Chołuj/Räther: Versöhnung - und was dann? Möglichkeiten und Grenzen des Kulturdialogs in den deutsch-polnischen Beziehungen

Entgegen aller offiziellen Rhetorik von guter Nachbarschaft, Schicksalsgemeinschaft oder gar Freundschaft ist das Verhältnis zwischen Deutschen und Polen weithin gekennzeichnet von gegenseitigen Ängsten, negativen Stereotypen und - besonders deutscherseits - einer Art aggressivem Desinteresse am östlichen Nachbarn. Lange schon wird versucht, durch die Inszenierung von kulturellen Dialogen Entfremdung zu überwinden und ein positives Klima der Offenheit zu schaffen. Inwieweit aber ist es überhaupt möglich, Vorstellungen und Bilder vom Anderen bewußt und methodisch zu verändern?
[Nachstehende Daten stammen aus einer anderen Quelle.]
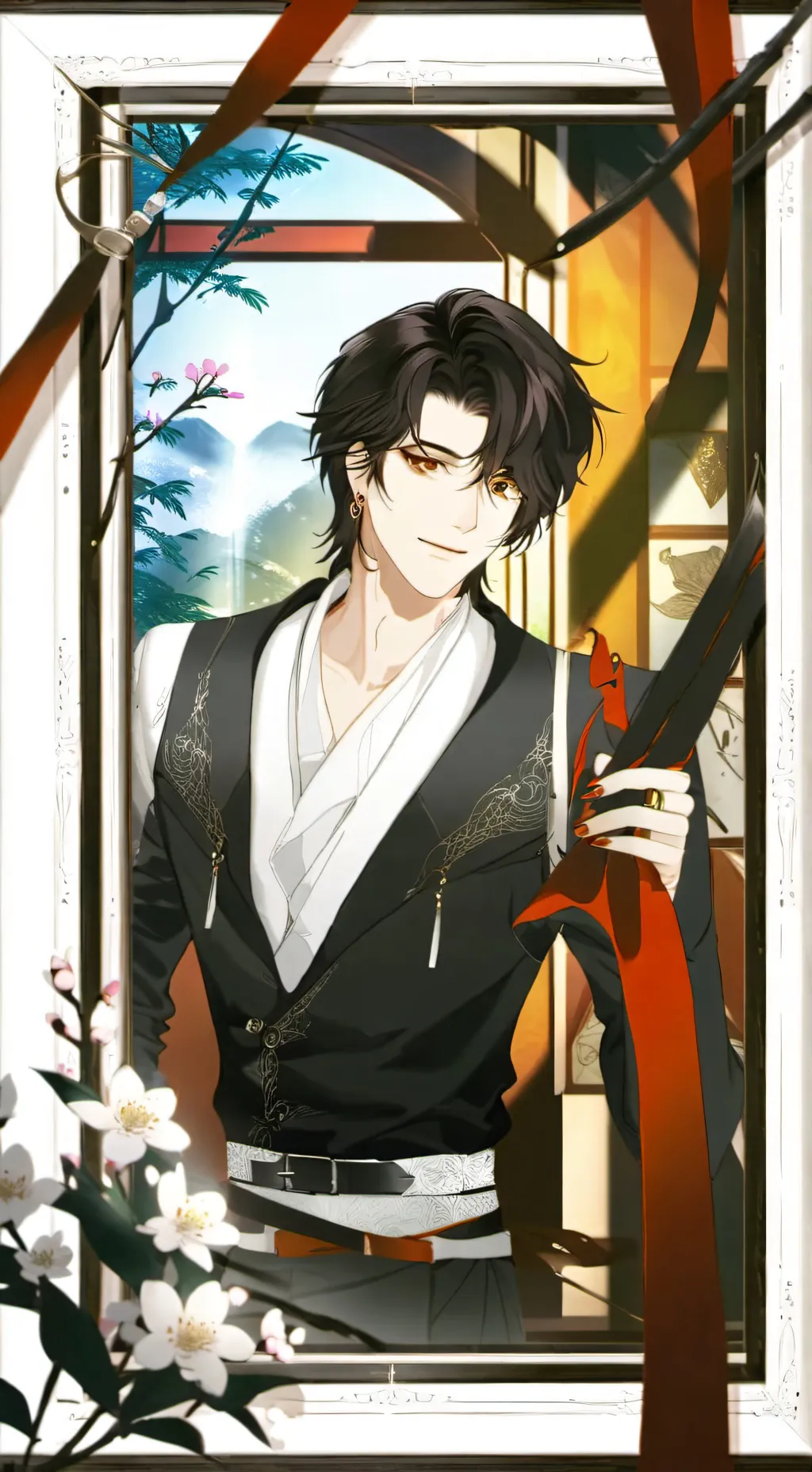 ai character: David background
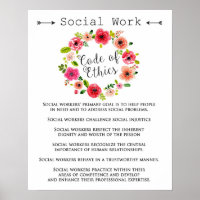 Social Worker Code of Ethics printable art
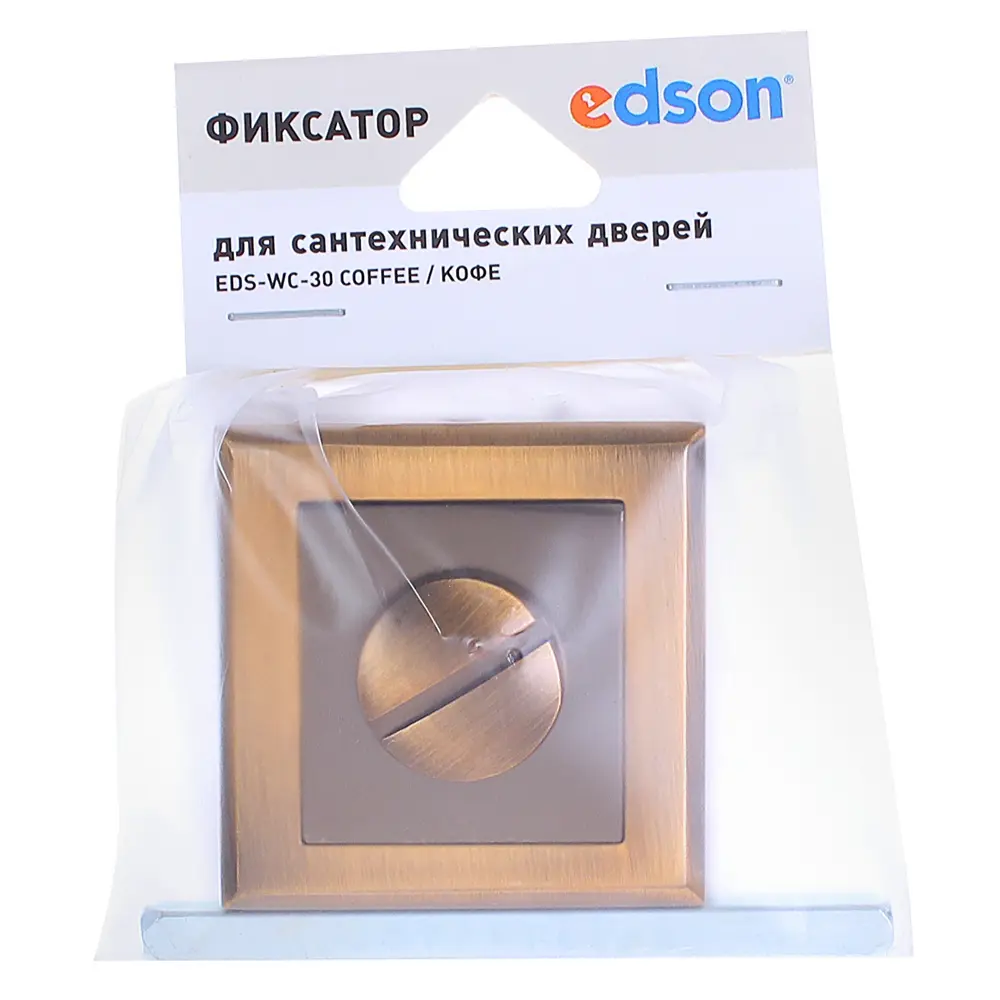 Фиксатор-вертушка для дверей 30 CF, ЦАМ, цвет кофе 82001861 STLM-2162288 EDSON  - Вид №3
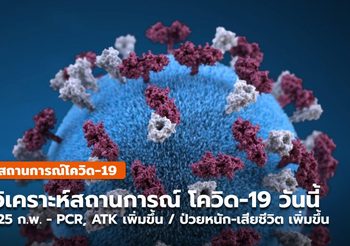 สถานการณ์โควิด-19 วันนี้ (25 ก.พ.) อัตราผู้ป่วยรายใหม่ยังพุ่ง / อาการหนัก-เสียชีวิต  เพิ่มขึ้น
Im Seminar wollen wir die verschiedenen kulturellen und kulturpolitischen Initiativen der vergangenen Jahrzehnte analysieren, im Hinblick auf ihren Ansatz, ihre Zielgruppen und ihre intendierten und tatsächlich erreichten Effekte. Zu betrachten wären z. B. die Arbeit der Kulturinstitute und Begegnungsstätten, die Programme der in diesem Bereich tätigen Stiftungen und die gegenseitige mediale Präsenz beider Länder, besonders in den Bereichen Film und Literatur. Ebenfalls von Interesse können die kirchlichen Aktivitäten sein und warum nicht auch das Projekt Europa-Universität Viadrina.